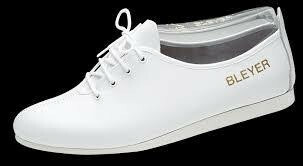 Bleyer 7520-01 Universal valkoinen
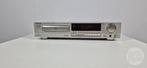 Technics SL-P477A CD-Speler | CD | Philips CDM4 Laser, Audio, Tv en Foto, Cd-spelers, Ophalen of Verzenden, Refurbished, Technics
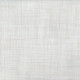 serment-perle-49122458-voile-lin-léger-casamance
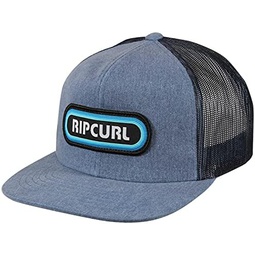 Rip Curl Mens Surf Revival Trucket Hat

_Exercise description:_ Transcribe all the lines above exactly; any image among them is skipped.

_Response to this task:_
 Bleyer 7520-01 Universal valkoinen
 Technics SL-P477A CD-Speler | CD | Philips CDM4 Laser, Audio, Tv en Foto, Cd-spelers, Ophalen of Verzenden, Refurbished, Technics
 serment-perle-49122458-voile-lin-léger-casamance
 Rip Curl Mens Surf Revival Trucket Hat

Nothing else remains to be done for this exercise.